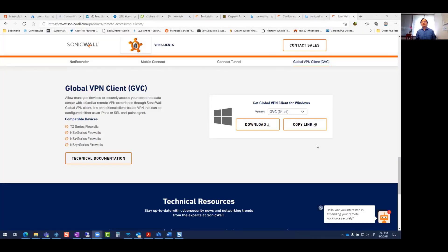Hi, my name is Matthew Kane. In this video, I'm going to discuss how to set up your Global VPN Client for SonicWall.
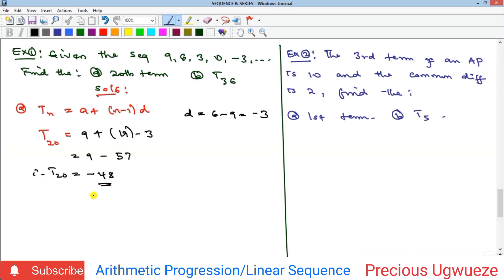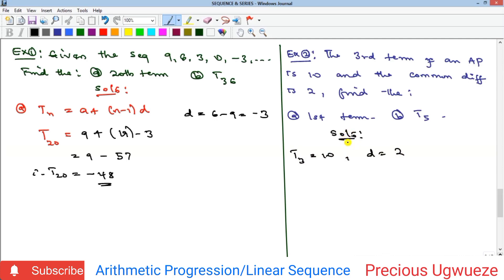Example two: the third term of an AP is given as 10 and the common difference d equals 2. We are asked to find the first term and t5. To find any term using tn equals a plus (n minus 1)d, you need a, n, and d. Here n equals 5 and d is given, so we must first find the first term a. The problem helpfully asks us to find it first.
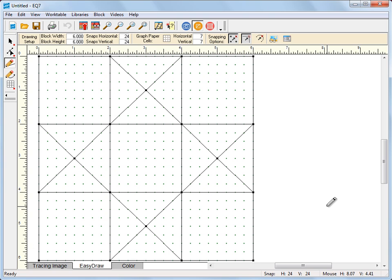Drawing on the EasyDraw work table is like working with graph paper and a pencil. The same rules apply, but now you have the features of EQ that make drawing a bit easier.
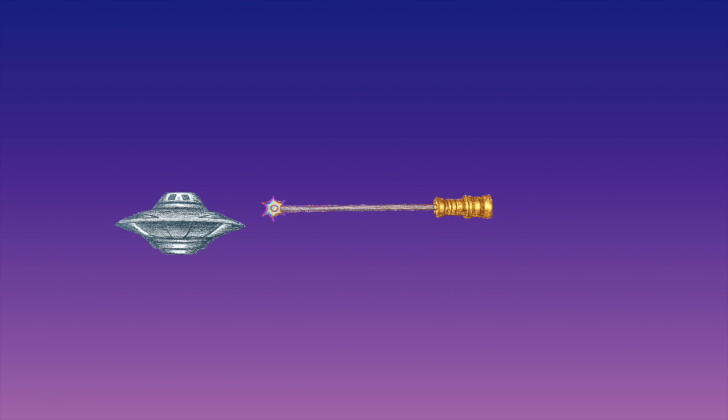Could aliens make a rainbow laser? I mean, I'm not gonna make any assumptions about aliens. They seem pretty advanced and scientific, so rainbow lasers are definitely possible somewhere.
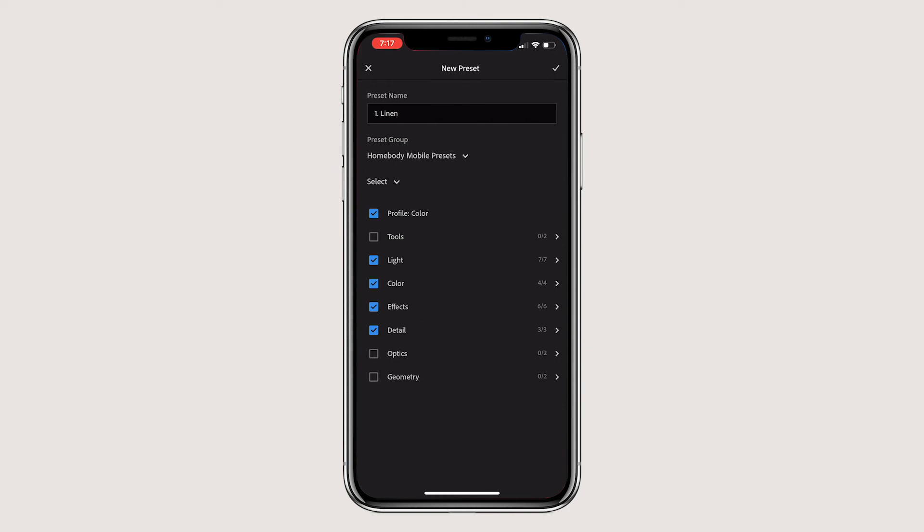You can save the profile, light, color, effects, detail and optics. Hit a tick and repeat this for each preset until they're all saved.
...
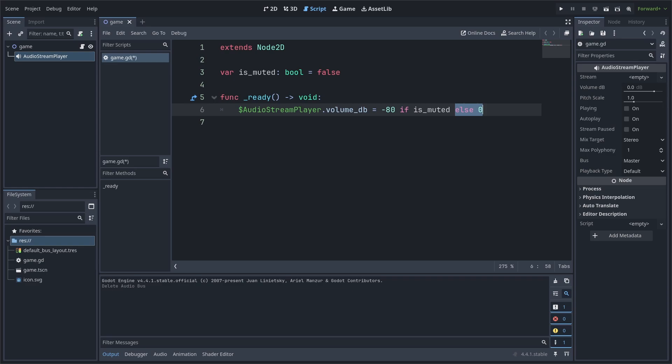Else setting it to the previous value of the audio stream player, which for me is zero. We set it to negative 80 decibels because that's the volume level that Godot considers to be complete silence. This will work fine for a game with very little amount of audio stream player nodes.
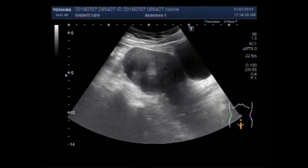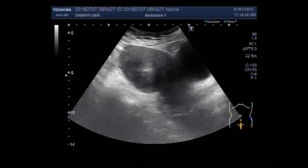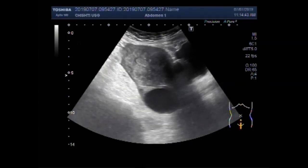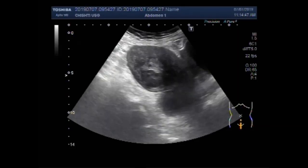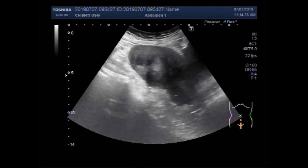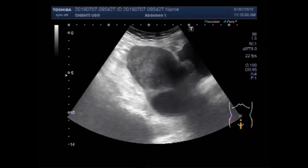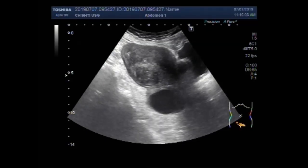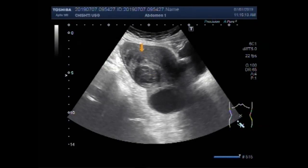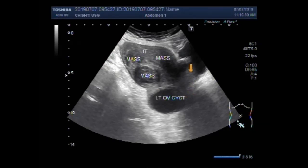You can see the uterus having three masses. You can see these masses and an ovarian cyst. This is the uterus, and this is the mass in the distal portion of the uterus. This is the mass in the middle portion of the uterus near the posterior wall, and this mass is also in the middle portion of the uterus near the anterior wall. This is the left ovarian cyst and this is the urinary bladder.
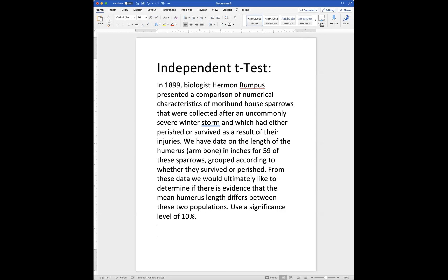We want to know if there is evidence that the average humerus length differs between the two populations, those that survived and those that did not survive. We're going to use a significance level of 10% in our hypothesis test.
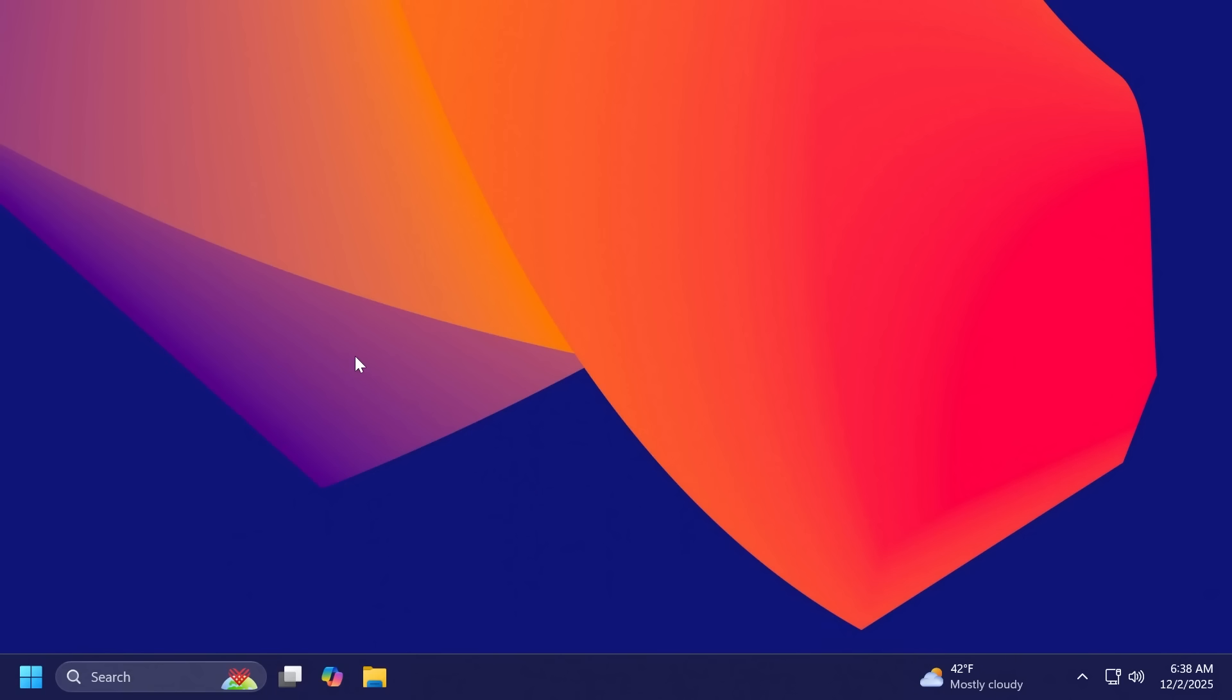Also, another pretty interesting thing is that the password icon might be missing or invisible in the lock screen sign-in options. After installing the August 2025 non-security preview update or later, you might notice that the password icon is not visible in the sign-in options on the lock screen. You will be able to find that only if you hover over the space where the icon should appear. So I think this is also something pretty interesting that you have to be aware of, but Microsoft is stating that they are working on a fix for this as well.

YOUR ASSIGNMENT:
In the data above, the stretch from the line with "You can see the uterus" through the line with "We want to know" is to be returned exactly, minus any pictures.

ANSWER SPACE:
You can see the uterus having three masses. You can see these masses and an ovarian cyst. This is the uterus, and this is the mass in the distal portion of the uterus. This is the mass in the middle portion of the uterus near the posterior wall, and this mass is also in the middle portion of the uterus near the anterior wall. This is the left ovarian cyst and this is the urinary bladder.
We want to know if there is evidence that the average humerus length differs between the two populations, those that survived and those that did not survive. We're going to use a significance level of 10% in our hypothesis test.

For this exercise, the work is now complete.